Rasulullah Saw bersabda: “Imam (khalifah) adalah raa’in (pengurus) rakyat, kelak akan dimintai pertanggungjawaban atas kepemimpinannya. (HR Bukhari dan Muslim)

Bahwasanya, keberadaan negara dalam Islam bukan sekedar simbol politik, melainkan sebagai perisai yang secara langsung menjamin terpenuhinya kebutuhan rakyat dengan beragam mekanisme yang telah ditetapkan syariat. Baik secara langsung melalui baitul mal maupun tidak langsung, sehingga akan melahirkan kebijakan-kebijakan yang mensejahterakan rakyatnya, yaitu:

Pertama, mekanisme secara langsung. Dapat diwujudkan dengan cara, negara membuka akses pemanfaatan lahan produktif. Dengan mengelola kepemilikan umum sebagai lapangan pekerjaan yang layak untuk kepentingan rakyat, serta mendorong aktivitas ekonomi, hingga menghapus berbagai pungutan, pajak yang menyusahkan rakyat.

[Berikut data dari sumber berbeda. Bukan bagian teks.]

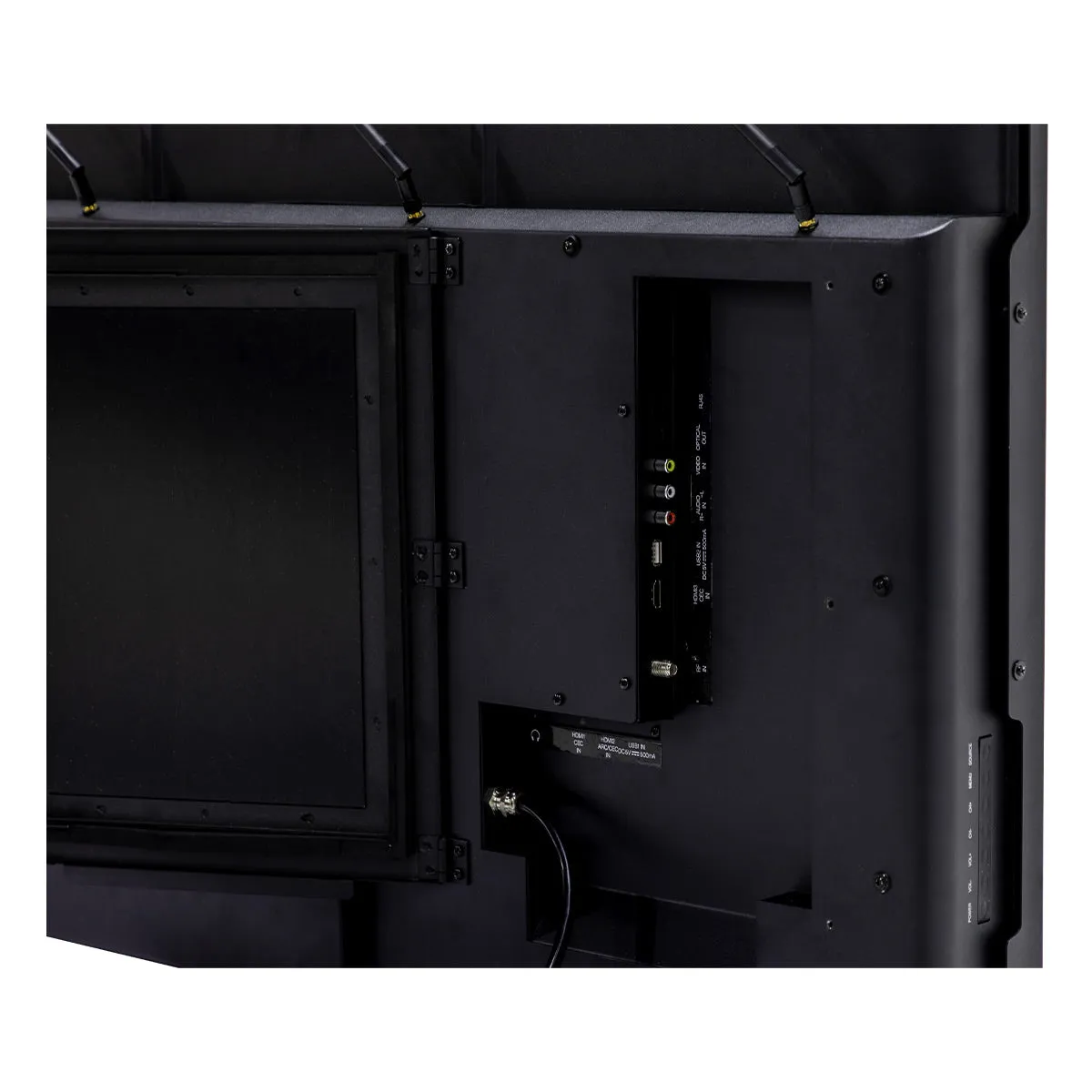 Furrion FDUP55CSA 55" Aurora Partial Sun Outdoor TV with 2.1 Sound System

Negara menjamin terwujudnya sistem perdagangan yang bersih dari riba, monopoli dan spekulasi. Sehingga, aktivitas pasar berjalan dengan adil, dan dapat memberikan kesempatan bagi seluruh rakyat untuk memiliki usaha. Dengan begitu, masyarakat akan terdorong untuk mendapatkan kemandirian ekonomi, serta mampu menafkahi keluarganya.

Kedua, mekanisme secara tidak langsung. Baitul mal dapat mewujudkan kesejahteraan rakyat dengan adanya pemasukan yang besar dan sah sesuai syariat. Sebagai contoh, pengelolaan kepemilikan umum yakni tambang, gas, minyak, dan SDA lainnya. Kharaj, jizyah, fa’i, dan zakat yang dikelola secara transparan untuk kepentingan rakyat.

Pemasukan-pemasukan tersebut menjadikan negara mampu menjamin tersedianya berbagai pelayanan gratis dan berkualitas, mulai dari pendidikan, hingga edukasi yang menyeluruh tentang gizi masyarakat. Alhasil, beragam problem stunting dan masalah gizi lainnya dapat teratasi secara dini. Sebab dalam sistem Islam, negara hadir secara nyata sebagai pengurus dan perisai. Bukan sebaliknya seperti yang terjadi saat ini, negara hanya sebatas regulator dan fasilitator bagi segelintir elit.

Negara akan memastikan meratanya distribusi harta kekayaan dan tepat sasaran berdasarkan data yang valid. Negara akan mengoptimalkan, bahkan berupaya agar tidak terjadi inflasi, sekaligus menjaga daya beli masyarakat agar stabil. Sehingga, masyarakat tidak harus membayar mahal untuk bisa mendapatkan makanan bergizi dan berkualitas.

Dengan demikian, hanya sistem Islam lah solusi mendasar yang dibutuhkan umat. Islam hadir dalam mengatur seluruh aspek kehidupan. Tidak hanya kebutuhan pangan bergizi saja yang terpenuhi. Tetapi juga, kebutuhan pokok lainnya seperti kesehatan, keamanan, pendidikan, keadilan hukum dan sebagainya.

Oleh karena itu, didasari keimanan dan ketakwaan kepada Allah Swt, seorang pemimpin akan benar-benar menjaga dan melindungi rakyat. Kehadirannya mampu menjamin seluruh kebutuhan rakyat, tanpa membedakan status dan kedudukan. Sehingga, kemaslahatan dan kesejahteraan pun dapat dirasakan seluruh umat baik muslim maupun nonmuslim.